## Problem description
Drop the pictures, then repeat every record exactly as it stands.

## Items from a dataset
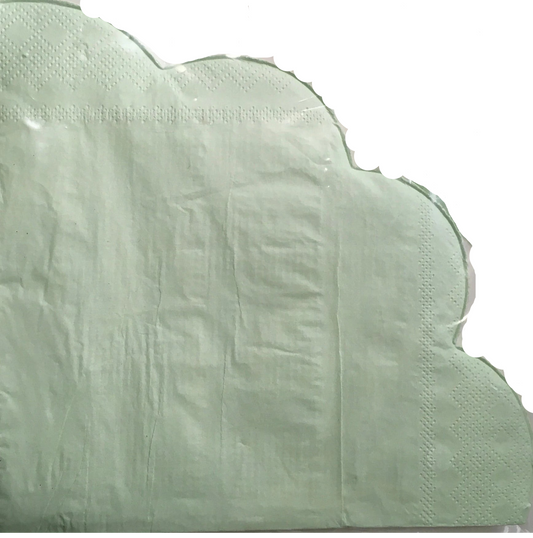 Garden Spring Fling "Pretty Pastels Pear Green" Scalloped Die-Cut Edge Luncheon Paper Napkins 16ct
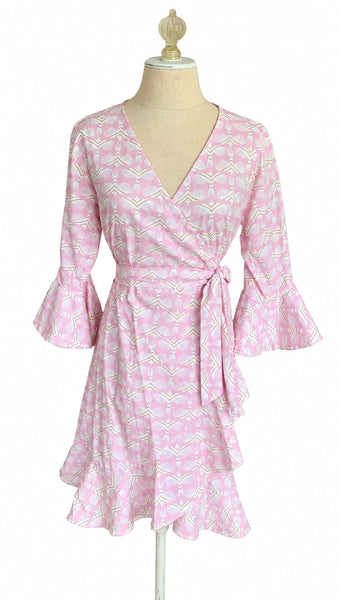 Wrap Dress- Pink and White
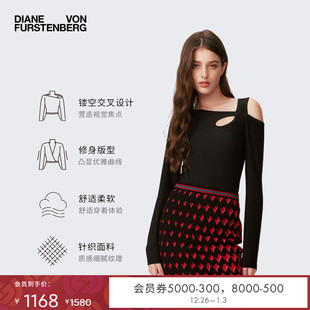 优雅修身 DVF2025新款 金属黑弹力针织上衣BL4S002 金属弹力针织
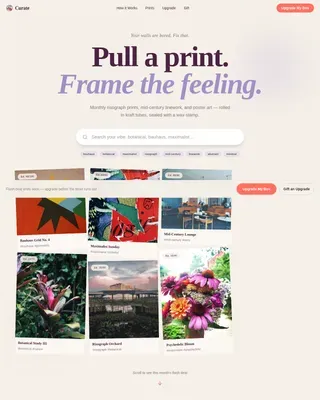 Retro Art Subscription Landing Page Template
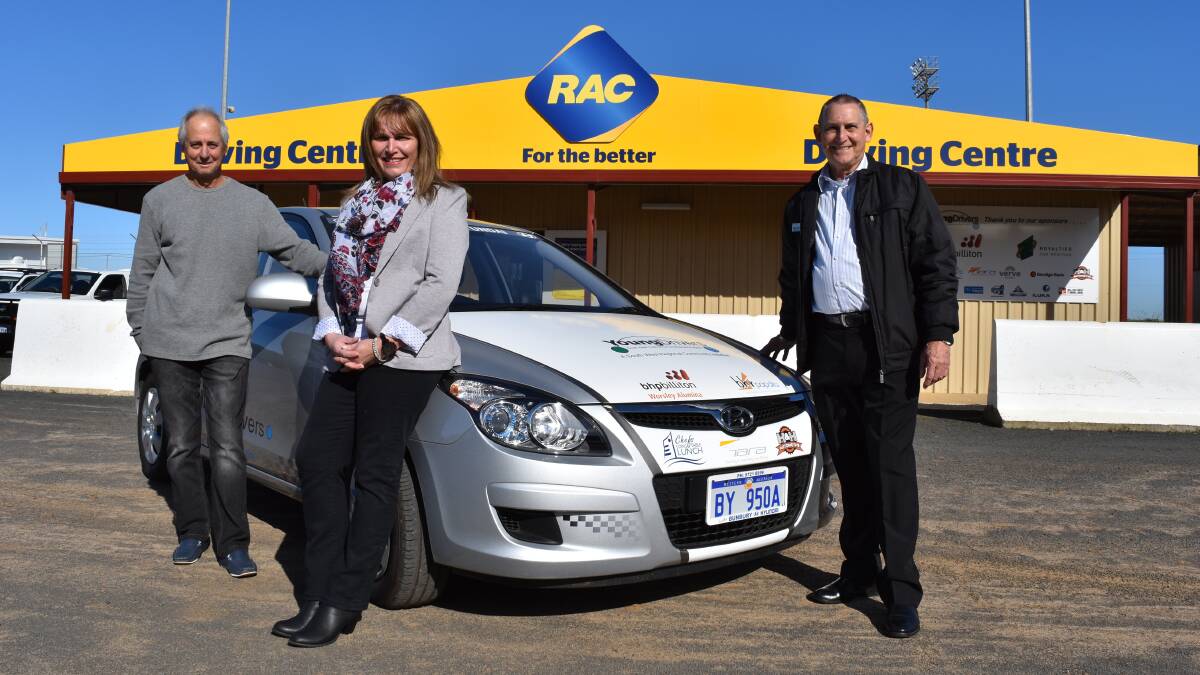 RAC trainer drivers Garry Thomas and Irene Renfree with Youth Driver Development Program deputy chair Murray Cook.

## Task answer
 Garden Spring Fling "Pretty Pastels Pear Green" Scalloped Die-Cut Edge Luncheon Paper Napkins 16ct
 Wrap Dress- Pink and White
 优雅修身 DVF2025新款 金属黑弹力针织上衣BL4S002 金属弹力针织
 Retro Art Subscription Landing Page Template
 RAC trainer drivers Garry Thomas and Irene Renfree with Youth Driver Development Program deputy chair Murray Cook.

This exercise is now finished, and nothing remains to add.